Everyone sits there and writes it and then they say, "Okay. Well now, take your paper and pass this to the left and let's just pretend we were all sitting in the circle so that was not complicated at all." Everyone gets someone else's sheet of paper and they say, "Okay." Well now, take another sheet of paper and you draw the room that is being described and you've run into all of these issues that you don't even know necessarily how many walls... The rooms probably have four walls but if you think about most like bedrooms, it's not exactly four walls, it usually does an inset of doorway or something like there might actually be more than four corners of the room. They're not describing things like the material of the floor and baseboards and what style of bed. The drawings end up looking nothing like the actual room.

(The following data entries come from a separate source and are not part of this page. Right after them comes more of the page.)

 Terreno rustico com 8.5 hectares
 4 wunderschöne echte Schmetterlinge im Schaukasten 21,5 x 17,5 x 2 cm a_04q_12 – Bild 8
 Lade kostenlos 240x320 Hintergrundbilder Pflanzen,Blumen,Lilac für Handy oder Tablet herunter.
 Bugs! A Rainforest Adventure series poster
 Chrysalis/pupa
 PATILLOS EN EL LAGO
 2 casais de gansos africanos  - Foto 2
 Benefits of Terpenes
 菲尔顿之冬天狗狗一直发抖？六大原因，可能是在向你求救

The question is did somebody mess up there? The requirement wasn't necessarily to describe a room in English such that a non-experienced person could render it completely but you can see where the problem arises. The people writing the requirements don't necessarily know all the questions that are going to be asked by people down-stream from them so it's difficult for them to articulate on the first try exactly what needs to be included and what doesn't need to be included. This is why good BAs make a lot of money. The same thing with the testers asked and the developers asked. They contribute to clarifications of the requirements.

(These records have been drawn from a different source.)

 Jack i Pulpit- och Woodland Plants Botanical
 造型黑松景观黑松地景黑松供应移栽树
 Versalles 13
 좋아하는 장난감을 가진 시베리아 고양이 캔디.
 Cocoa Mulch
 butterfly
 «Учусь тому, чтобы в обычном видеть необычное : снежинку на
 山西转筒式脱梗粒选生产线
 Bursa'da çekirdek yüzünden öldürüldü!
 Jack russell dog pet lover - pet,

If you spend enough time on it, then you can definitely get it. You can just keep adding and augmenting the requirements until there's no questions left and how do you construct that in the waterfall methodology and things like that. It is a question. It's a challenge to do it in all those linear steps. It is possible. It's just the most expensive and what agile methodologies really strike at is they strike at two things. The first is the efficiency of producing the highest value thing in the shortest amount of time and the second thing is they focused on that value proposition and the communication between the groups so that value is not measured as a number of requirements which are met, the value is measured by the happiness of the people that requested the application and how accurately the manifestation of the application reflects their understanding in their needs.
Carlos: Let's figure out where each fit just to give us an idea. Let's say you're building a plane. I know I'm going out of software here in a second. Let's think we're doing something such as a plane, something that is going to carry a couple hundred people, it needs to just fly, it needs to just work 100% of the times unless we're going to have dead people. Would you say that waterfall applies in that environment better than agile?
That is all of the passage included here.